3T MR shows cardiac scarring and vasculature

October 29, 2010

Experts have long suggested that the clinical promise of 3T, with its improved signal-to-noise ratio compared with 1.5T, might eventually be expressed in cardiac imaging, one of the least approachable clinical areas of MR.

Experts have long suggested that the clinical promise of 3T, with its improved signal-to-noise ratio compared with 1.5T, might eventually be expressed in cardiac imaging, one of the least approachable clinical areas of MR. A new imaging technique developed at the University of Western Ontario is fueling that optimism with high-resolution 3D images of cardiac vasculature and scar tissue in the heart muscle.

“This is the first time we have been able to visualize myocardial (scarring) and the heart’s blood vessels at the same time,” said Dr. James White, an assistant professor of medicine at the university.

The resulting 3D model of the heart allows interpreters to immediately understand the relationship between the heart’s blood vessels and related permanent injury, he said.

White and colleagues begin by continuously infusing gadolinium-based contrast, creating a high-resolution, volumetric image of the heart showing coronary blood vessels. The contrast medium remains longer in scar tissue than in healthy muscle or the vasculature. A repeat scan, performed 20 minutes later, highlights the scarring because the two data sets, which are taken using the exact same pulse sequence, are fused into a 3D model.

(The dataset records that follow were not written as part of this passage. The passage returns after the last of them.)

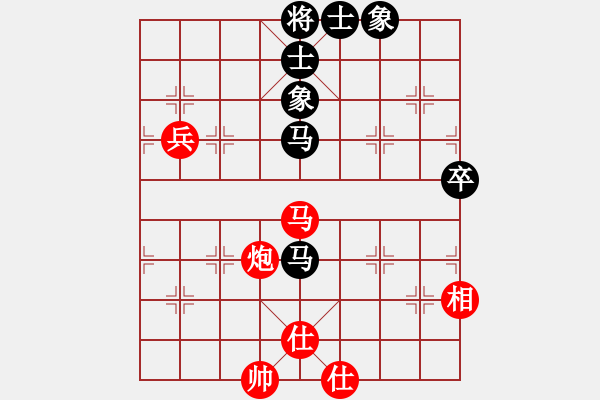 象棋棋譜圖片：wsxedcr(8星)-和-福崗陳詠欽(無極) - 步數(shù)：200 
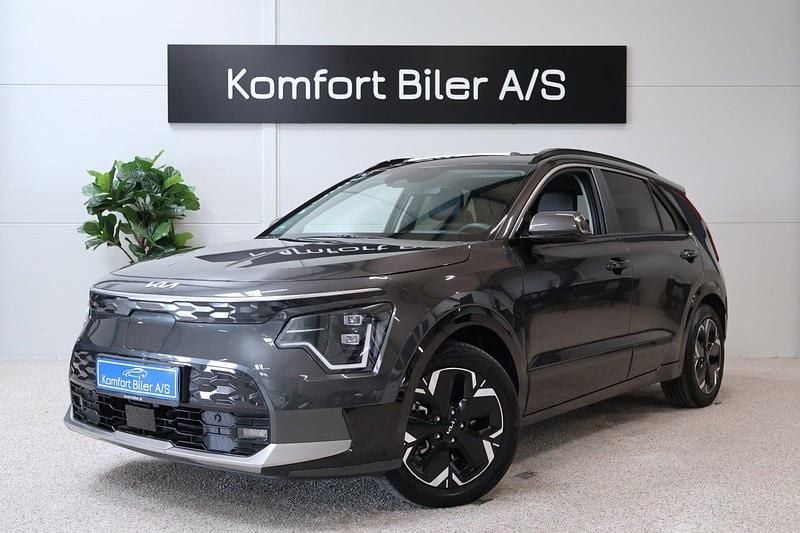 Koksmetal Brugt 2023 Kia e-Niro SUV | 239.800 kr. (Fair pris) - Billede 1/4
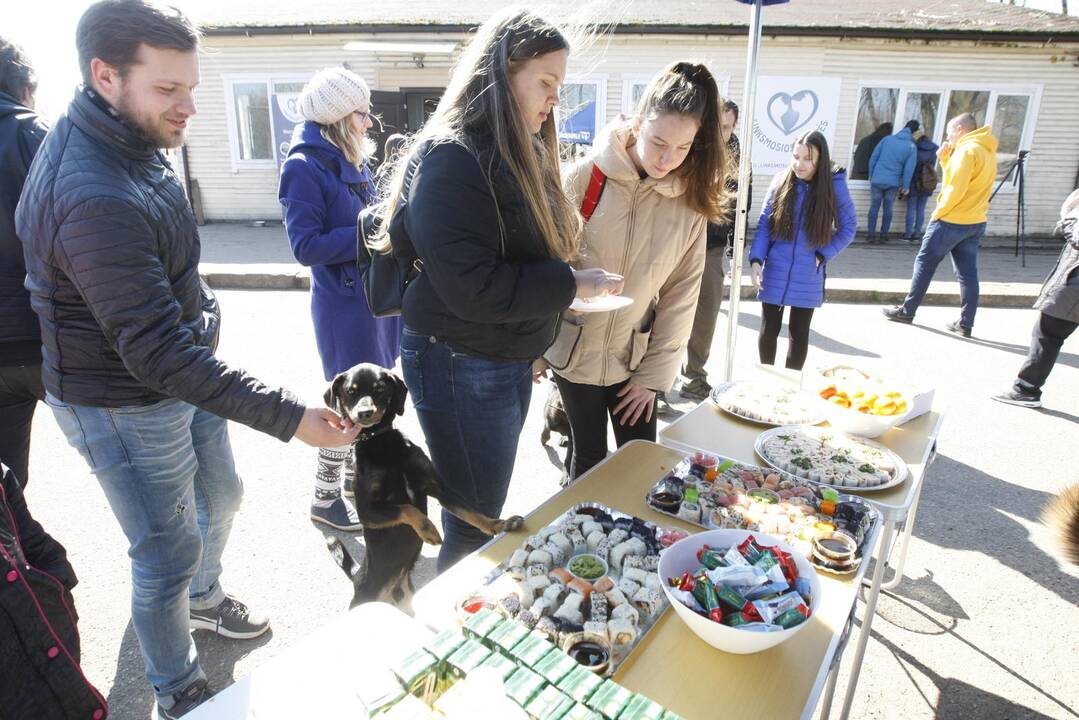 „Linksmosios pėdutės” švenčia gimtadienį 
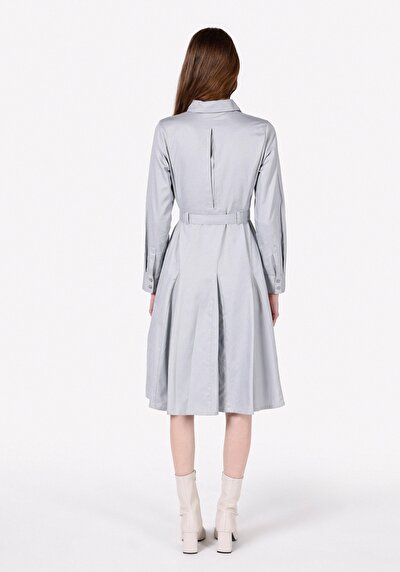 Image de Robe Gris Regular Fit Femme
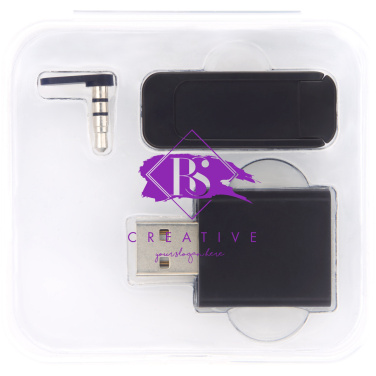 Logo trade promotional gifts picture of: Incognito privacy kit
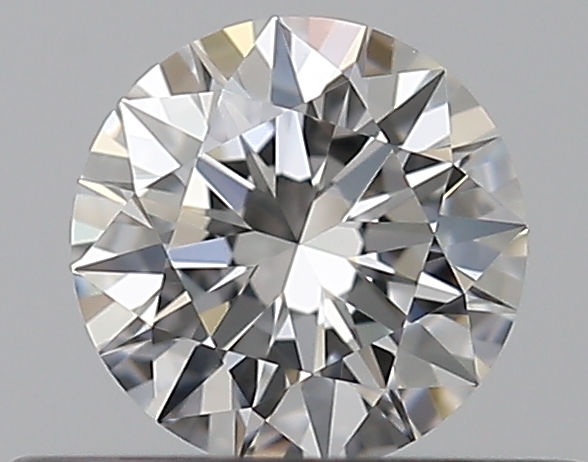 0.35 CaratF-VVS2 EX Cut Round Diamond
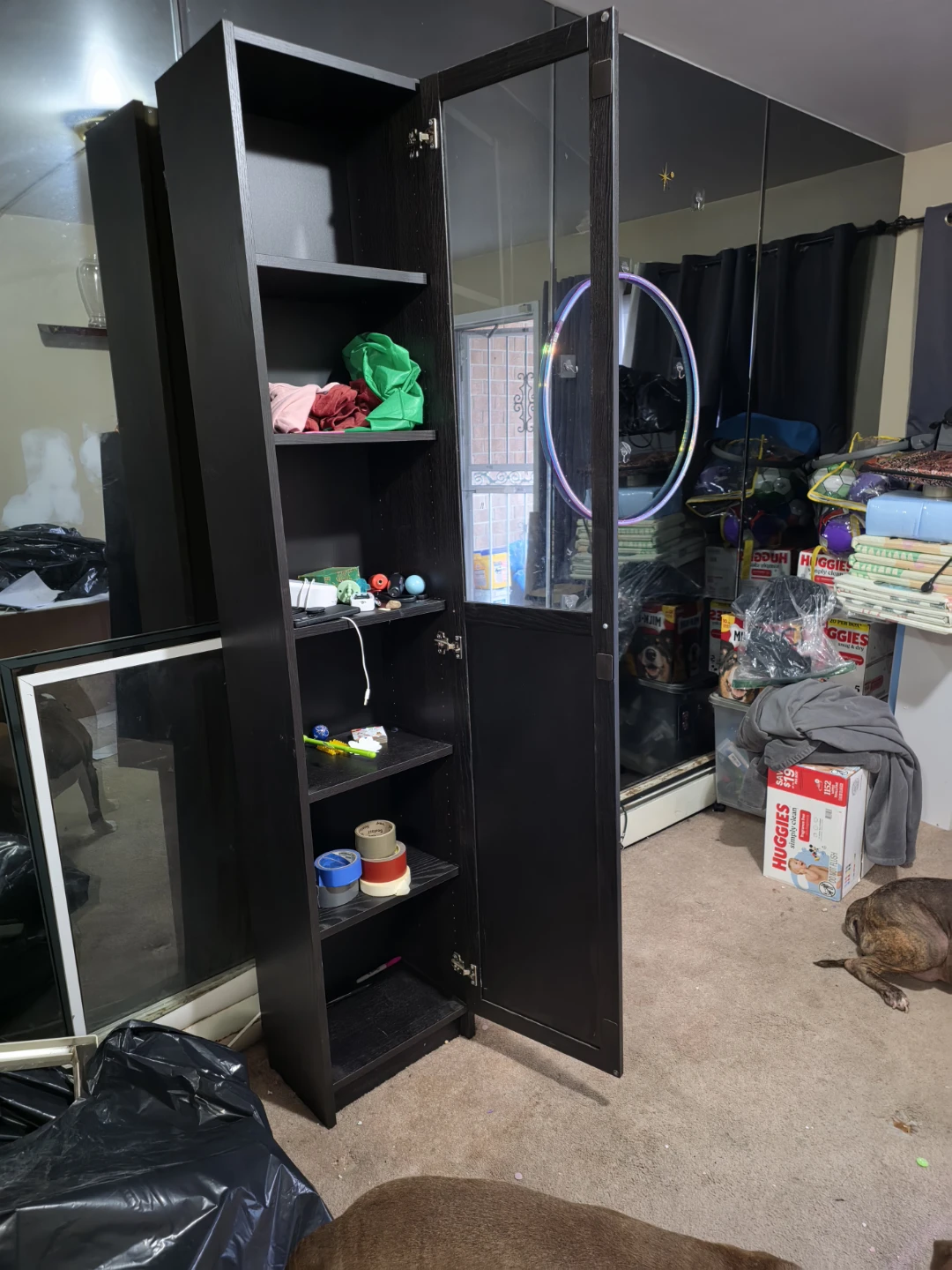 Book case . Asking $60 - photo 2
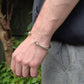 Heavy Silver Bangle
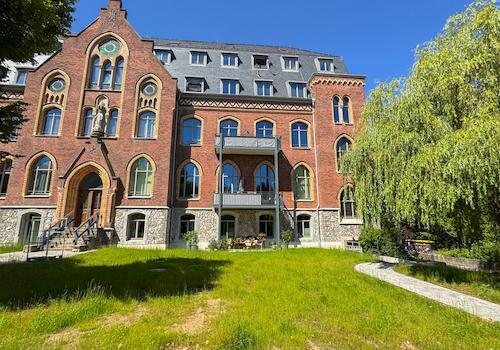 Historischer Eingangsbereich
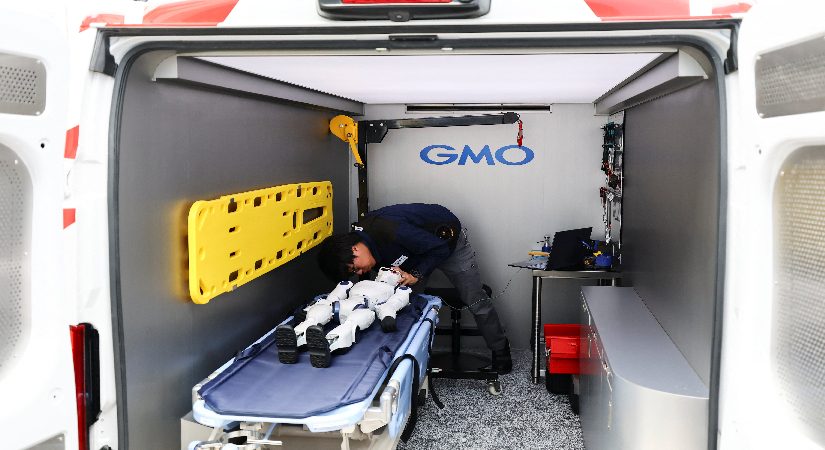 Robotlar için ambulans gerçek oldu
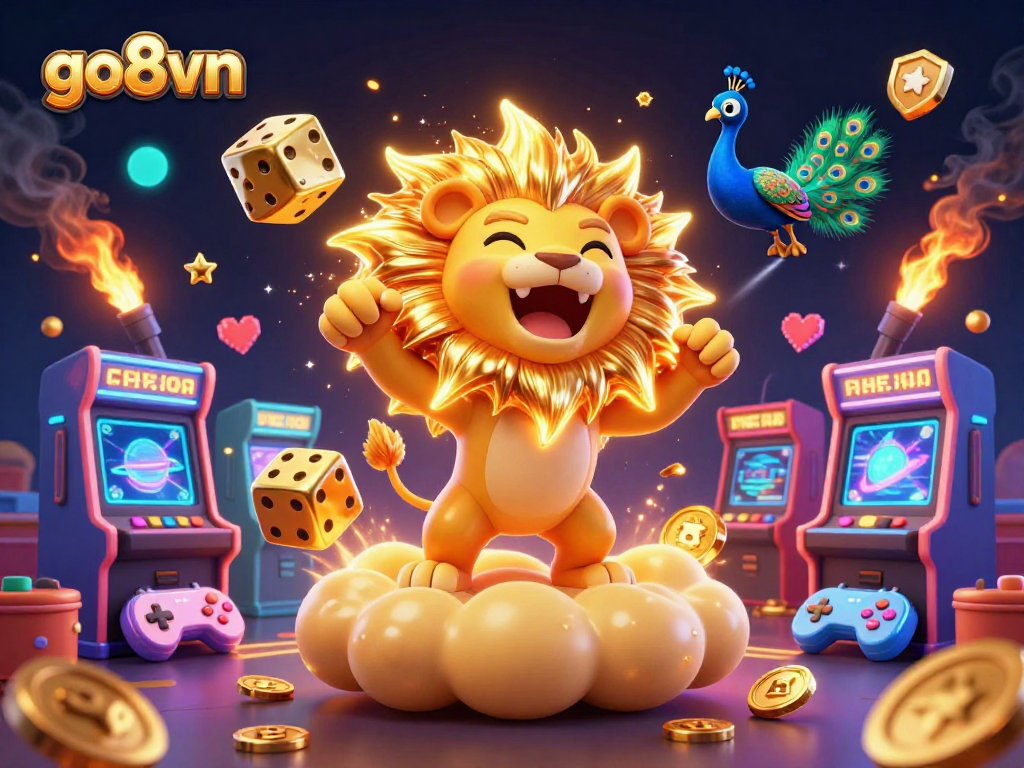 Engage in thrilling gaming adventures at go8vn with vibrant slot games and live dealers.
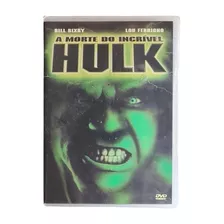 Dvd Filme - A Morte Do Incrivel Hulk - Lou Ferrigno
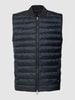 Gant Bodywarmer met labelprint Zwart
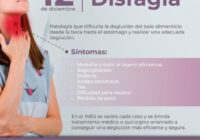 Informa IMSS Veracruz Sur sobre disfagia y sus síntomas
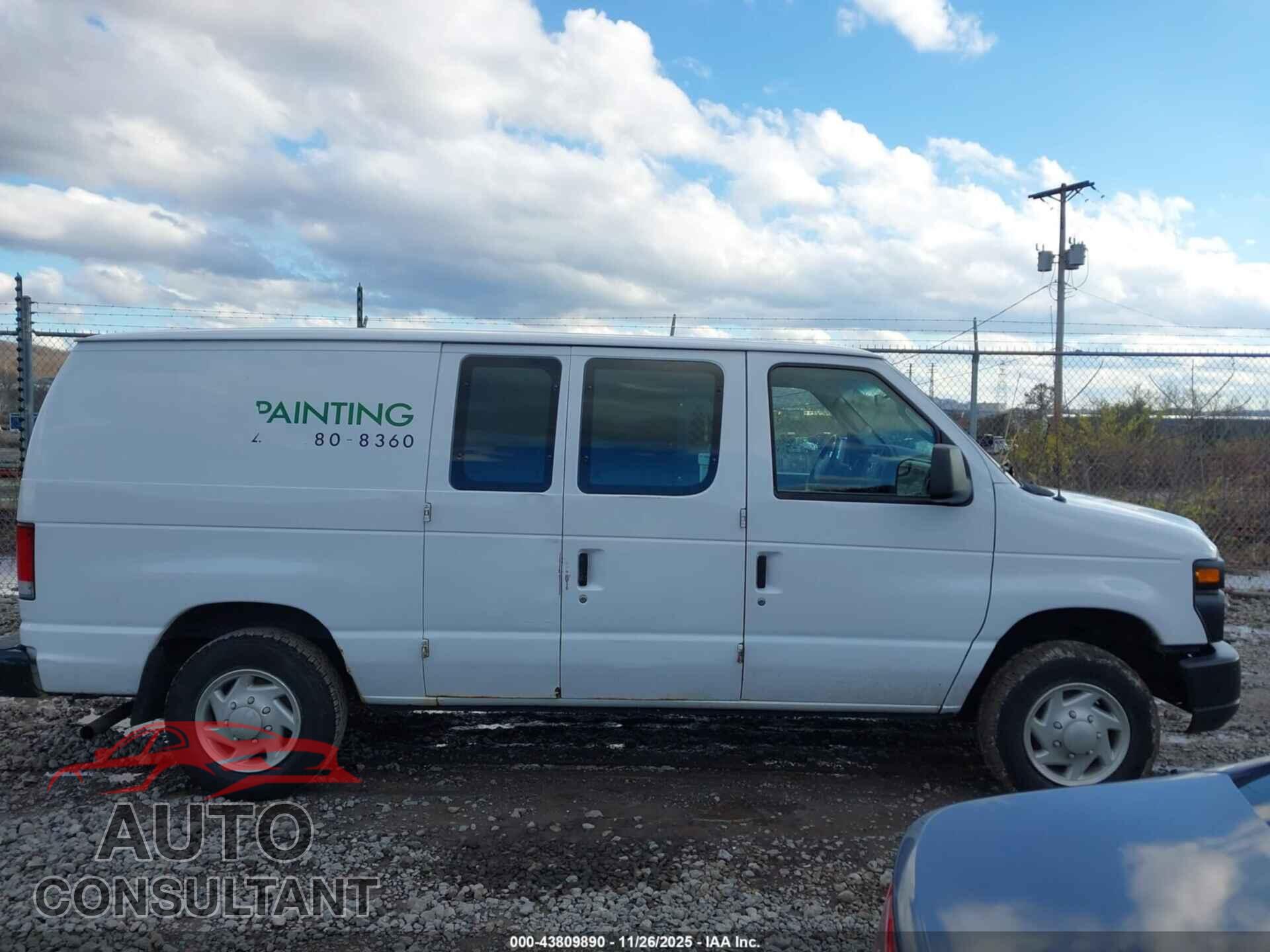 FORD E-150 2013 - 1FTNE1EW7DDB31502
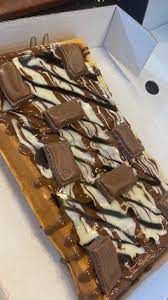Galaxy Chocolate Waffle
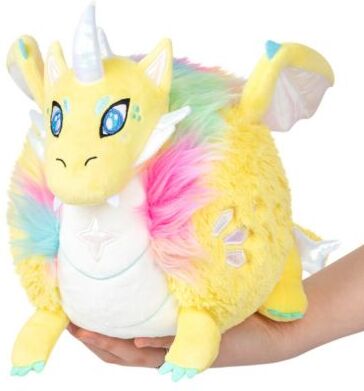 SQUISHABLE.COM INC Mini Prismatic Dragon Plush Toy - Squishable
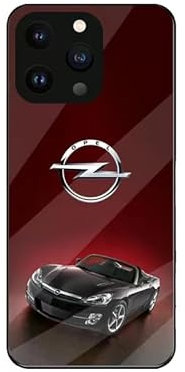 VENBER Hanyhülle, für Opel Handyhülle Kratzfeste Schutzhülle Case Cover Schutzhülle Sanfte Berührung stilvolles HD Autoemblem Erscheinungsbild,for iPhone 13 pro max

White and colleagues at the University of Western Ontario Robarts Research Institute reported results using this technique on 55 patients in the September online Journal of the American College of Cardiology: Cardiovascular Imaging. Patients were referred to the research team for either bypass surgery or cardiac resynchronization therapy (CRT), which involves implantation of a specialized pacemaker designed to improve heart function. The MR studies were performed to demonstrate whether the proposed procedures were likely to have the intended result, and, in the process, whether the MR technique could be valuable in the planning of these vascular-based cardiac interventions.

In bypass or angioplasty procedures, surgeons must decide whether to open blocked blood vessels. If scar tissue is seen in the region, no benefit will be expected. Similarly, scar tissue in muscle where CRT leads are placed might prevent patients from benefitting from the pacemaker.

White and colleagues conclude that their MR-based 3D cardiac model helps surgeons and cardiologists better understand the cardiac status of the patient.

“We’ve known for some time that myocardial scar tissue can be imaged using MRI, but what we’ve now been able to do is to take this imaging to another level,” he said. “This (3D model) will help direct surgeons and cardiologists to better target the blood vessels that lead to muscle capable of responding to their therapy, rather than to muscle that is irreversibly diseased.”